The Snow Queen (Hans Christian Anderson’s…)

    (Comic Library International, 2004)
™ and © Comic Library International

A demon named Blight created a magic mirror that distorted the image of whoever was reflected in it. When Blight and his fellow demons attempted to use it against the angels of heaven, the mirror shattered from the stress and the shards fell to earth. Most of the glass splinters mixed with ice and snow and began to form the face of a beautiful woman. She became the Snow Queen and when she opened her eyes, Blight became her slave. He was charged with the recovery of all the glass shards or be doomed to spend his life in ice and snow. One of the splinters flew into the eye of a boy named Kay and became lodged in his heart. His demeanor changed that day and he became cruel and harsh to his best friend, Gerda. That night he was spirited away by the Snow Queen with no clues about his disappearance. The adults of his village assumed he had fallen into the river and been swept away by the swift current. Only Gerda holds any hope that he still lives and her faith leads her on a long and magical quest to save her friend from the spectral goddess.

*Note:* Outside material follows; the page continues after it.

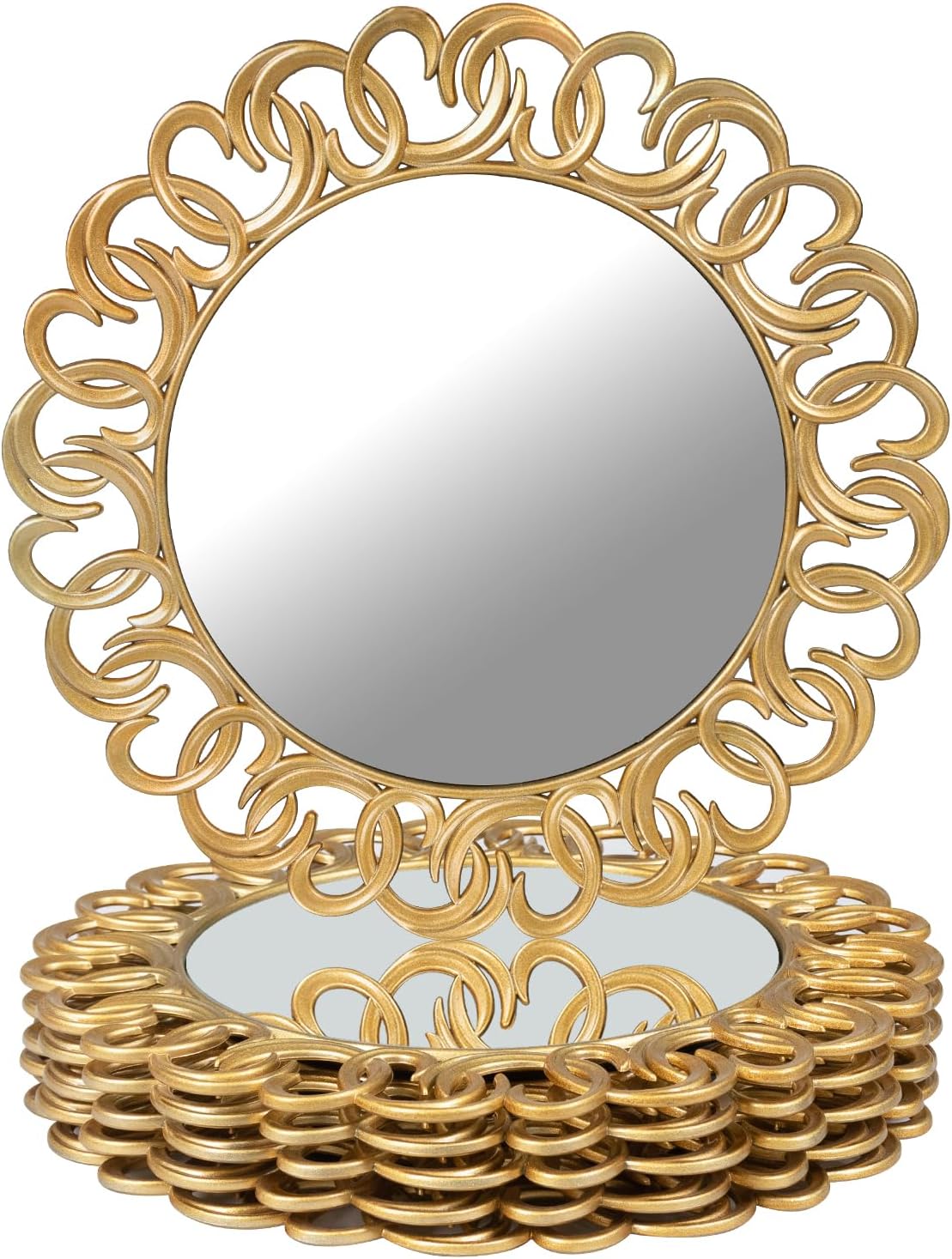Gold Dinner Plates Set of 6, Mirror Chargers With Entwined Swirl Rim, Round Chargers for Table Setting, Wedding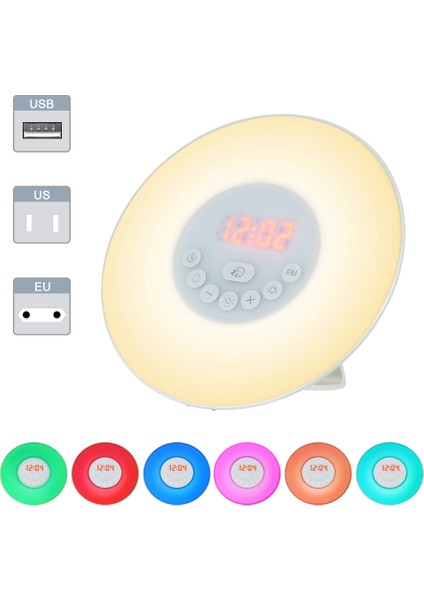 Us Plug Uyandırma Işığı Çalar Saat Gün Doğumu/gün Batımı Simülasyonu Dijital Saat Dokunmatik Kontrol Masa Saati Fm Radyo Erteleme Fonksiyonu ile (Yurt Dışından) indirimleri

There are many diverse elements to this story and its episodic narrative lends itself to a myriad of settings. The religious overtones of angels and demons are combined with the mystical notions of an ice queen. On her quest to find Kay, Gerda also encounters ghosts, witches, talking flowers and talking reindeer.

The Snow Queen is a fairy tale written by Hans Christian Andersen who lived in Denmark in the mid–19th century. He wrote many famous fairy tales such as “The Little Mermaid,” “The Princess and the Pea,” and “The Emperor’s New Clothes.” This adaptation was scripted by Mitchell Perkins and illustrated by George Broderick, Jr.